Task objective
Reproduce, exactly as they appear, the line containing "[OwaDoongDoong] ep.35 🥟" and every line after it, ending with the last line of the records.
##### Records supplied
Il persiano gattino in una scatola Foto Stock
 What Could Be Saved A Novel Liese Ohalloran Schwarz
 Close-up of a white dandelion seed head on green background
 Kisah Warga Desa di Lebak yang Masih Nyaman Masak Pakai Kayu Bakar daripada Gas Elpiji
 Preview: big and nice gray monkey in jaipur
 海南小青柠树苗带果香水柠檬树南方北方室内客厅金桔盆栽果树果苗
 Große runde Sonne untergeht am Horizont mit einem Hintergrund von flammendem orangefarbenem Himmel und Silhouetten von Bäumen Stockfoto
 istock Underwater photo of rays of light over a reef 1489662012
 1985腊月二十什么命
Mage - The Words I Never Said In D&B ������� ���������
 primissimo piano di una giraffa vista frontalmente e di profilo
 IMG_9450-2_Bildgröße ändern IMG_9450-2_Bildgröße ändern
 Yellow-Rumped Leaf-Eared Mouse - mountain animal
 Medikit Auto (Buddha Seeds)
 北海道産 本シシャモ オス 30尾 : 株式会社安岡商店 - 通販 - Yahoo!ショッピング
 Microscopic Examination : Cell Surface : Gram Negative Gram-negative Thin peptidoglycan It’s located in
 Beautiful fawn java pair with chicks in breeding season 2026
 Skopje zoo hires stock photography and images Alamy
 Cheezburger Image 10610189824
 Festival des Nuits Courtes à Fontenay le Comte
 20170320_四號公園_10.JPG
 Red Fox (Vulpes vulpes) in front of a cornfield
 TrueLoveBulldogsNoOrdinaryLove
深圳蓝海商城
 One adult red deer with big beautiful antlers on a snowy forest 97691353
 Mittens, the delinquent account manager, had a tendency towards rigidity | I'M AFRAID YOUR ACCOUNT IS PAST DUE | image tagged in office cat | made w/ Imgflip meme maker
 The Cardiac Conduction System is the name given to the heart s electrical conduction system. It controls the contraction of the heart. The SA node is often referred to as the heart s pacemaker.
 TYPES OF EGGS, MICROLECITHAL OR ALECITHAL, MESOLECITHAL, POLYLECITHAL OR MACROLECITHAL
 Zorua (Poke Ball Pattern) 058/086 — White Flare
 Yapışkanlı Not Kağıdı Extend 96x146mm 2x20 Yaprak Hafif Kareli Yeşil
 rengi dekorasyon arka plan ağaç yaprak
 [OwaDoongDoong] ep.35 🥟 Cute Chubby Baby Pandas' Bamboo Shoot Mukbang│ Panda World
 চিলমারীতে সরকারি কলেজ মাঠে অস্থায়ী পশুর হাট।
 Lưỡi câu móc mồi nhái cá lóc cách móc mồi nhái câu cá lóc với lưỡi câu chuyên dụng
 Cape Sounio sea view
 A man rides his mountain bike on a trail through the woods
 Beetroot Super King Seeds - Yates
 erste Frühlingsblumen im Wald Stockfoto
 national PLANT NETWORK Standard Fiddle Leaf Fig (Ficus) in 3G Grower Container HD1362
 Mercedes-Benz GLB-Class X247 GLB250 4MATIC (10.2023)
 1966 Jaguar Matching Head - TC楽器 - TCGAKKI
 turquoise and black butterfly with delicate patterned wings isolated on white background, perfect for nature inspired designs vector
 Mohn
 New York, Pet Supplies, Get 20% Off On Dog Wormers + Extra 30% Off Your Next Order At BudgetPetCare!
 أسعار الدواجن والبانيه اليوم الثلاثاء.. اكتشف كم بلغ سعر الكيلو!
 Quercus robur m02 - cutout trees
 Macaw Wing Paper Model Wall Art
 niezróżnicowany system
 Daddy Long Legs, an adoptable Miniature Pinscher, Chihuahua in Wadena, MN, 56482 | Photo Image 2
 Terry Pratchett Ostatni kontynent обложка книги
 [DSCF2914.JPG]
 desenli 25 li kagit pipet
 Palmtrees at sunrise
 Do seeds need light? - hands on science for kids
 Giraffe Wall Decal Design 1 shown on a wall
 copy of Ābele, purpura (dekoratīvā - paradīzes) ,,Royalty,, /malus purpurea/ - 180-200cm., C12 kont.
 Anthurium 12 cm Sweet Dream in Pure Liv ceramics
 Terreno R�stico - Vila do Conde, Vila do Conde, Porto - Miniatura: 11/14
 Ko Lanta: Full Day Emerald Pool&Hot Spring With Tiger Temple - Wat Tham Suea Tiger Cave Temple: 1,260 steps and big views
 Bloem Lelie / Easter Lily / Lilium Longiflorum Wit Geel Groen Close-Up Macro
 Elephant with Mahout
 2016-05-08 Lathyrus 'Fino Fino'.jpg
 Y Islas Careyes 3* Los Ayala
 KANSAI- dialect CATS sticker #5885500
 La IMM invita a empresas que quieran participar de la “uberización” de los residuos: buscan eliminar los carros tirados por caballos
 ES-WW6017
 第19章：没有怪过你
##########
Exercise solution
 [OwaDoongDoong] ep.35 🥟 Cute Chubby Baby Pandas' Bamboo Shoot Mukbang│ Panda World
 চিলমারীতে সরকারি কলেজ মাঠে অস্থায়ী পশুর হাট।
 Lưỡi câu móc mồi nhái cá lóc cách móc mồi nhái câu cá lóc với lưỡi câu chuyên dụng
 Cape Sounio sea view
 A man rides his mountain bike on a trail through the woods
 Beetroot Super King Seeds - Yates
 erste Frühlingsblumen im Wald Stockfoto
 national PLANT NETWORK Standard Fiddle Leaf Fig (Ficus) in 3G Grower Container HD1362
 Mercedes-Benz GLB-Class X247 GLB250 4MATIC (10.2023)
 1966 Jaguar Matching Head - TC楽器 - TCGAKKI
 turquoise and black butterfly with delicate patterned wings isolated on white background, perfect for nature inspired designs vector
 Mohn
 New York, Pet Supplies, Get 20% Off On Dog Wormers + Extra 30% Off Your Next Order At BudgetPetCare!
 أسعار الدواجن والبانيه اليوم الثلاثاء.. اكتشف كم بلغ سعر الكيلو!
 Quercus robur m02 - cutout trees
 Macaw Wing Paper Model Wall Art
 niezróżnicowany system
 Daddy Long Legs, an adoptable Miniature Pinscher, Chihuahua in Wadena, MN, 56482 | Photo Image 2
 Terry Pratchett Ostatni kontynent обложка книги
 [DSCF2914.JPG]
 desenli 25 li kagit pipet
 Palmtrees at sunrise
 Do seeds need light? - hands on science for kids
 Giraffe Wall Decal Design 1 shown on a wall
 copy of Ābele, purpura (dekoratīvā - paradīzes) ,,Royalty,, /malus purpurea/ - 180-200cm., C12 kont.
 Anthurium 12 cm Sweet Dream in Pure Liv ceramics
 Terreno R�stico - Vila do Conde, Vila do Conde, Porto - Miniatura: 11/14
 Ko Lanta: Full Day Emerald Pool&Hot Spring With Tiger Temple - Wat Tham Suea Tiger Cave Temple: 1,260 steps and big views
 Bloem Lelie / Easter Lily / Lilium Longiflorum Wit Geel Groen Close-Up Macro
 Elephant with Mahout
 2016-05-08 Lathyrus 'Fino Fino'.jpg
 Y Islas Careyes 3* Los Ayala
 KANSAI- dialect CATS sticker #5885500
 La IMM invita a empresas que quieran participar de la “uberización” de los residuos: buscan eliminar los carros tirados por caballos
 ES-WW6017
 第19章：没有怪过你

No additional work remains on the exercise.